Bonus Move: 11. Barrel with wide grip
We know this was a ‘top 10’ moves article but why not enjoy one last move for the road?!
To perform the barrel with a wide grip:
- Stand facing the pole, grip the pole with your hands with a wide grip, the lower arm with the ring facing down straight (but do not turn off your elbow).
- The upper arm with the ring facing up is bent about 90 degrees in the elbow. Watch your wrists, do not let them twist.
- Next, raise the bent leg and the lower arm of the same side and press the front of the thigh against the pole.
- At the same time, tilt the body slightly towards the lower arm.
- Then, hold on firmly to the pole and gently lift the second leg upwards and press the front of the hip against the pole.
- At the same time, lean towards the lower arm. Hold this so that your belly presses against the pole too.
- As you enter the barrel, your lower arm slips slightly down and your upper arm straightens (but not completely).

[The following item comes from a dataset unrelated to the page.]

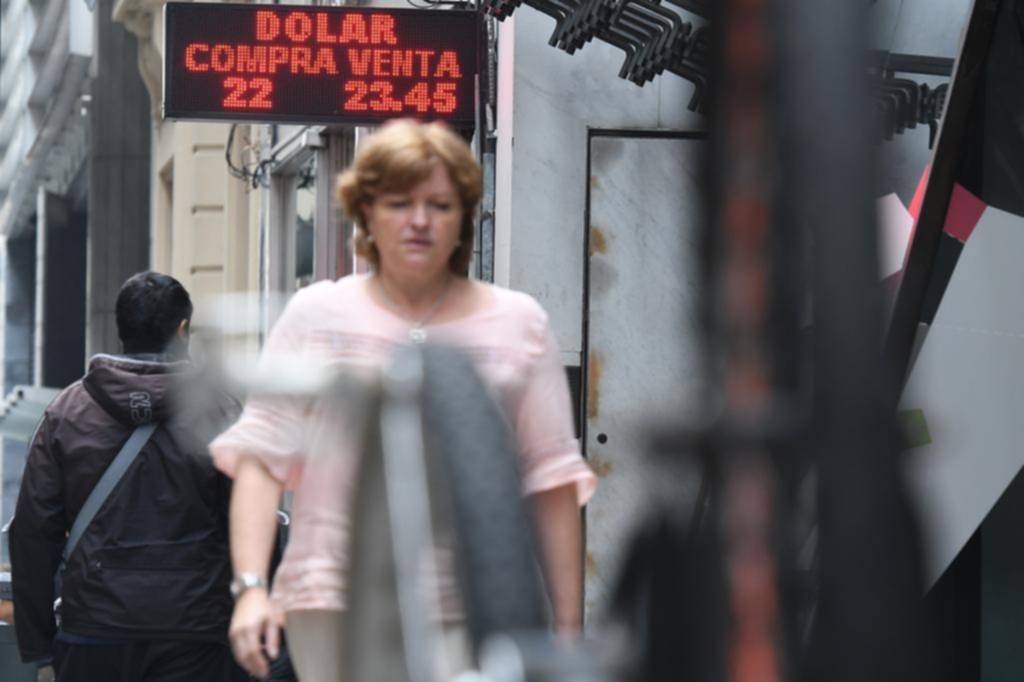 El dólar cerró en $23,12 y el Banco Central intervino fuerte en el mercado de futuros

- Try to keep the body parallel to the floor.
You have made a barrel with a wide support grip!
Tips for beginners
- Wipe the pole all the time. Before, during and after training, wipe the pole with an alcohol solution and a soft cloth at all times. This will help to keep the pole dry all the time for a better grip on your skin. This means that there is less chance to get injured, and in general, it is easier to perform tricks and elements on a dry wiped pole.

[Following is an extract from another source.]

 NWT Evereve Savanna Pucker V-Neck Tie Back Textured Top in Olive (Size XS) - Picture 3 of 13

- Wear shorts and a top. Many beginners are embarrassed to wear suitable pole dance clothing in the first few lessons. Don’t worry! This shape will allow you to stay on the pole better and not to slide. Again, it’s safer than training in leggings and T-shirts. You’ll always have to make hooks under your knees, armpits, waist level, and between your thighs. Doing this with your skin open is much easier.

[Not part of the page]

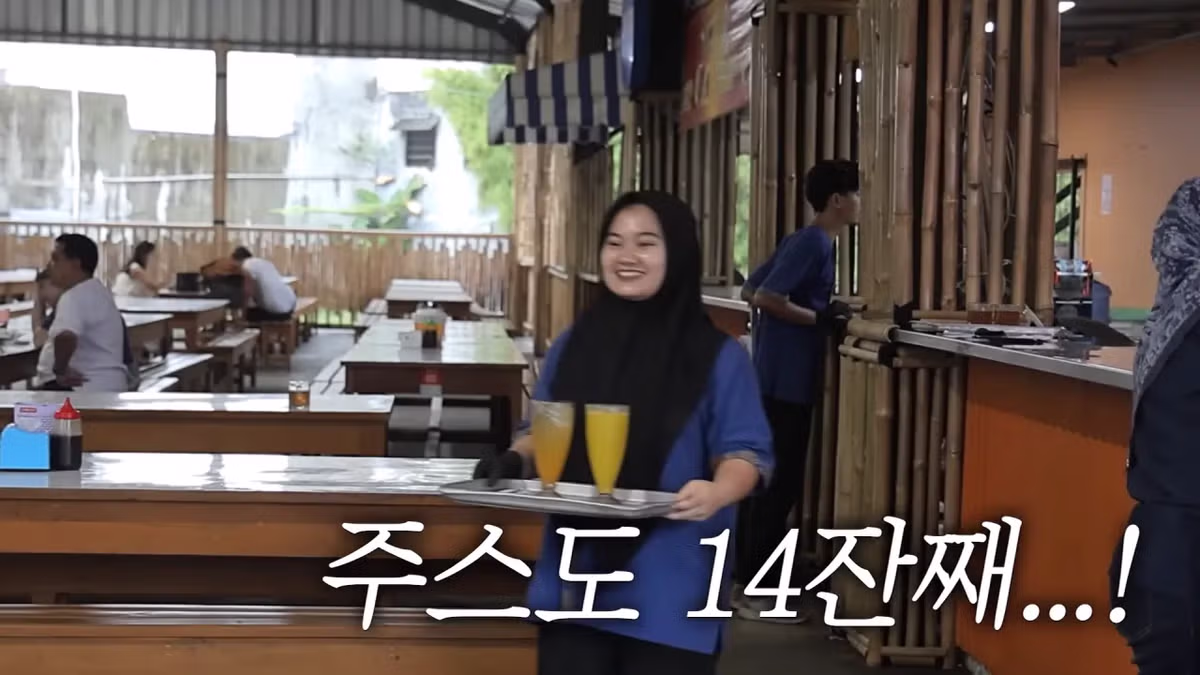 인도네시아에서 적당히 먹겠다는 쯔양의 식사량 - 디시인사이드 인기글 이미지 27 - 밈카세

- Think about magnesia. Many pole dancers use a special remedy for dry skin – magnesia. It’s the same substance that bodybuilders use, for example, to lubricate their hands to take the weight of the barbell. In the case of the pole, magnesium powder like this one on Amazon is most suitable. But if your palms are dry enough without it and do not sweat, try without it.
- Don’t worry if you can’t do something at first. In the beginning it can be difficult. But with a little effort, you will not notice how progress will become more obvious not only for you but also for the coach. It won’t be so difficult for you to do climbing, you will be able to do a variety of twists and beautiful handstands after a few weeks of training. The main thing is to keep your hands up and work on yourself. Remember, nothing is easy to start with and you will definitely succeed with some effort!
When you’ve mastered these starter pole moves, it’s time to take a look at intermediate pole dance moves.